[What to do]: Retype every line from the start of the entries below down to the line with "Reverie Theatre Group", both ends included; skip the pictures.

[Data supplied]:

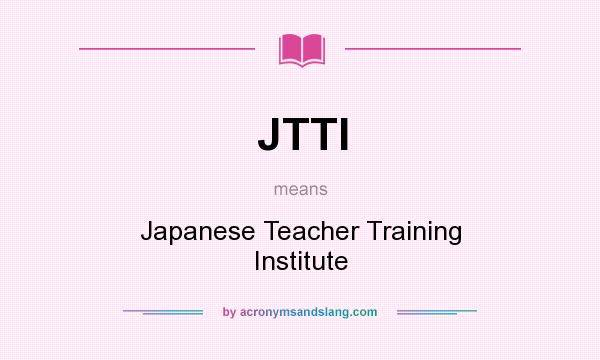 What does JTTI mean? It stands for Japanese Teacher Training Institute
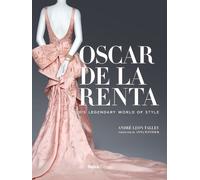 André Leon Talley Oscar de la Renta (Relié)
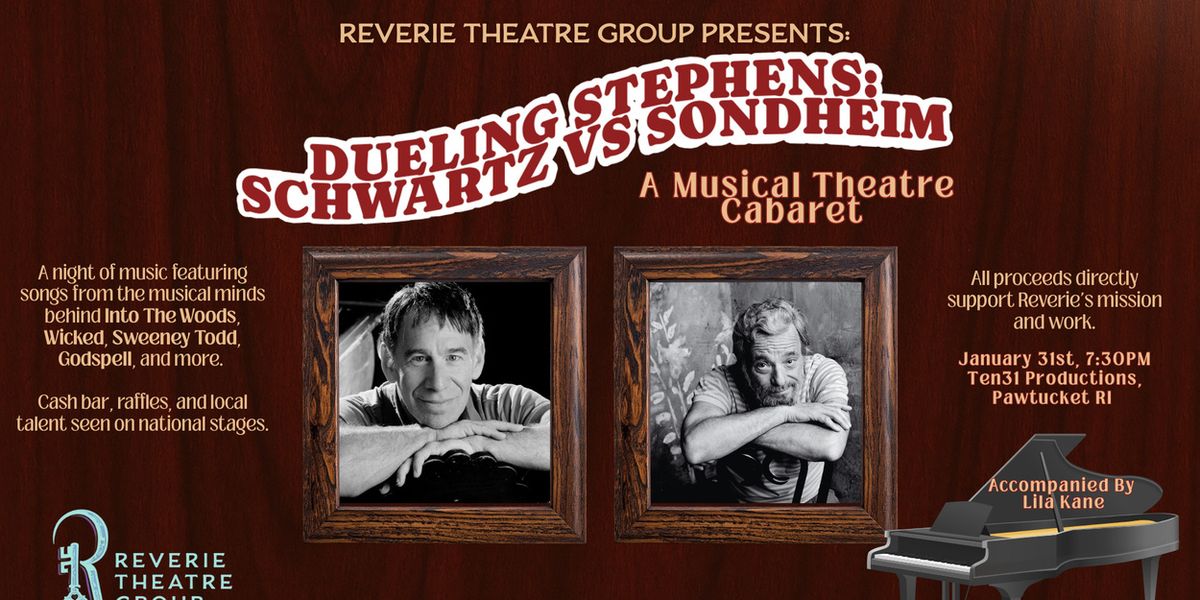 Reverie Theatre Group to Present DUELING STEPHENS: SCHWARTZ VS SONDHEIM, A Musical Theatre Cabaret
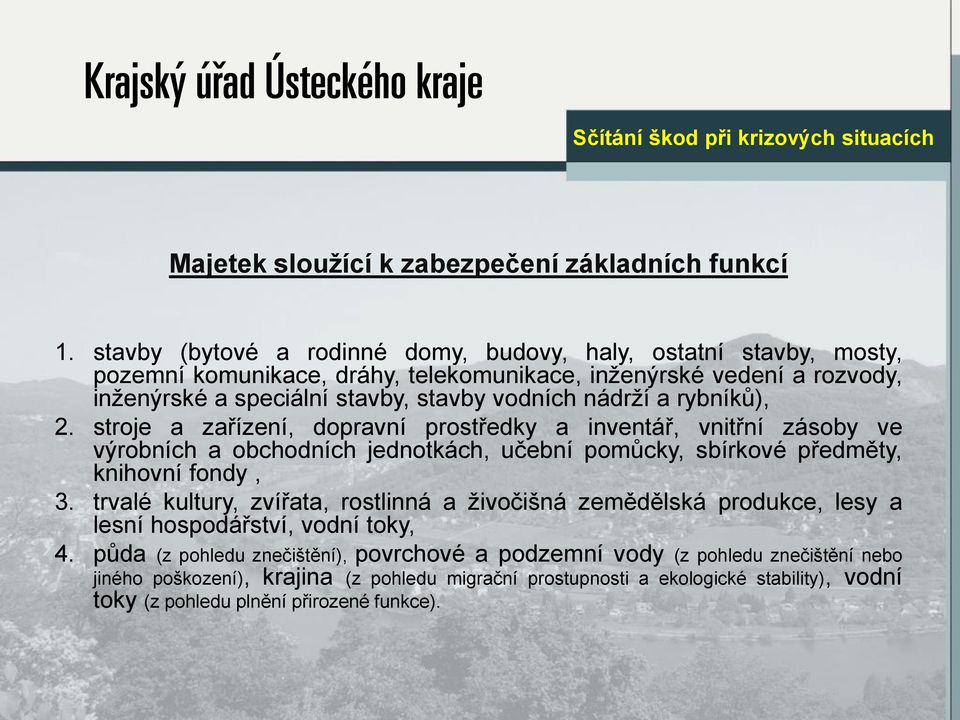 nádrží a rybníků), 2. stroje a zařízení, dopravní prostředky a inventář, vnitřní zásoby ve výrobních a obchodních jednotkách, učební pomůcky, sbírkové předměty, knihovní fondy, 3.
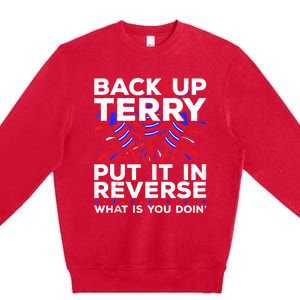 Back Up Terry Put It In Reverse Funny July 4th Firework Meme Premium Crewneck Sweatshirt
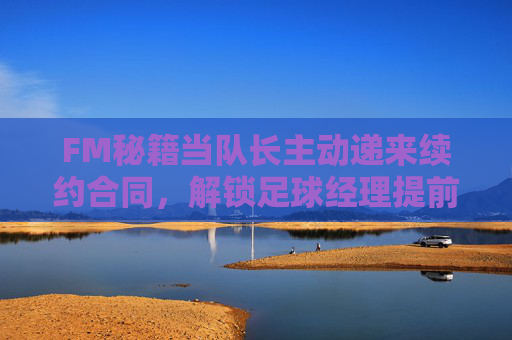 FM秘籍当队长主动递来续约合同，解锁足球经理提前续约的成就感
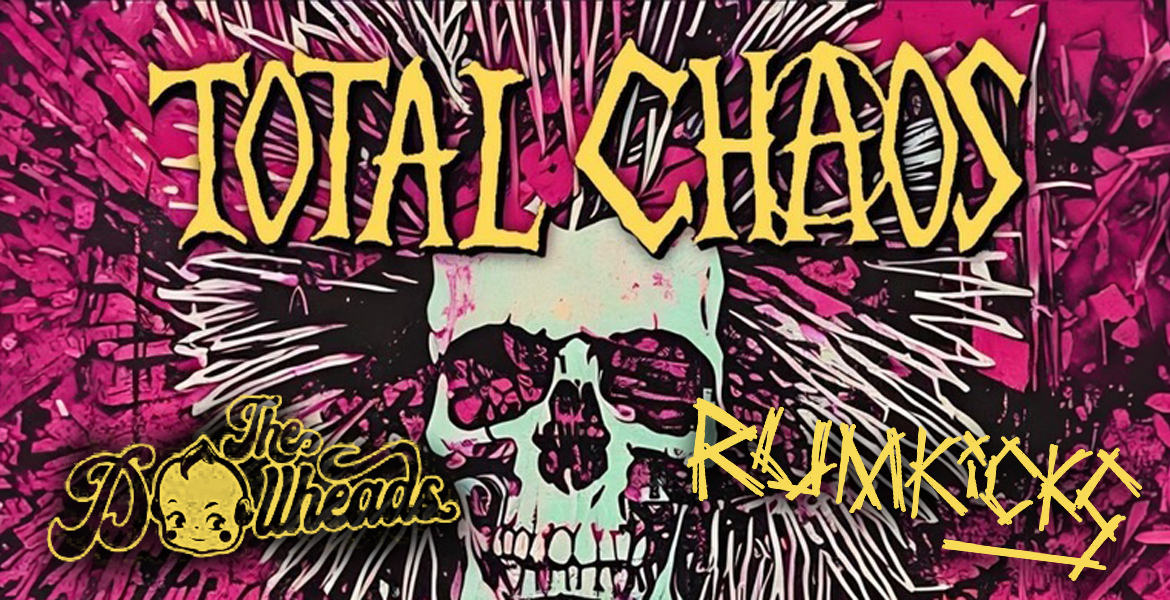 Tickets TOTAL CHAOS + RUMKICKS + THE DOLLHEADS, POGO, BEER & SPIKY HAIR! in Berlin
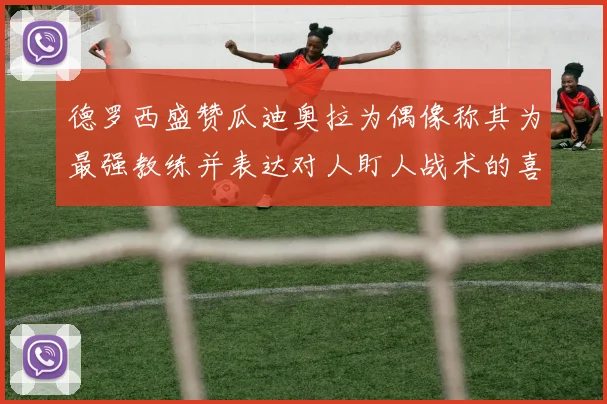 德罗西盛赞瓜迪奥拉为偶像称其为最强教练并表达对人盯人战术的喜爱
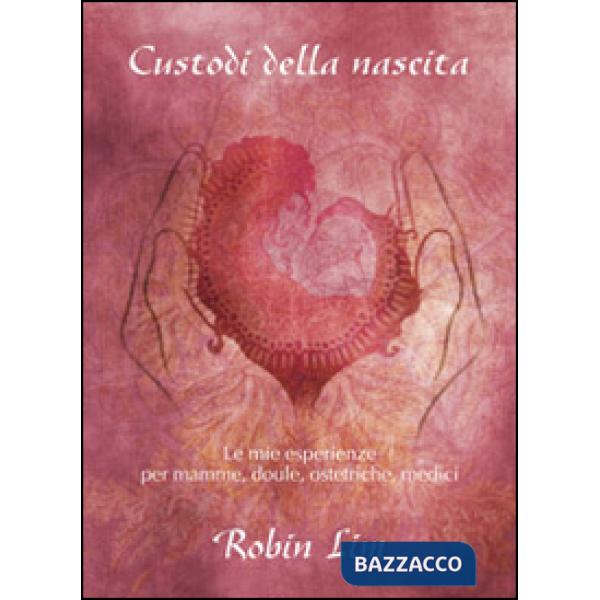 Custodi della nascita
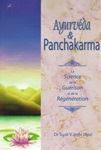 Ayurvéda et panchakarma (guérison et régénération)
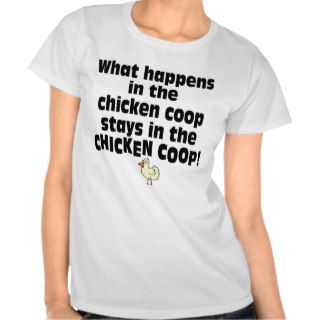 What Happens in the Chicken Coop Tshirts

[Problem solution]:
 What does JTTI mean? It stands for Japanese Teacher Training Institute
 André Leon Talley Oscar de la Renta (Relié)
 Reverie Theatre Group to Present DUELING STEPHENS: SCHWARTZ VS SONDHEIM, A Musical Theatre Cabaret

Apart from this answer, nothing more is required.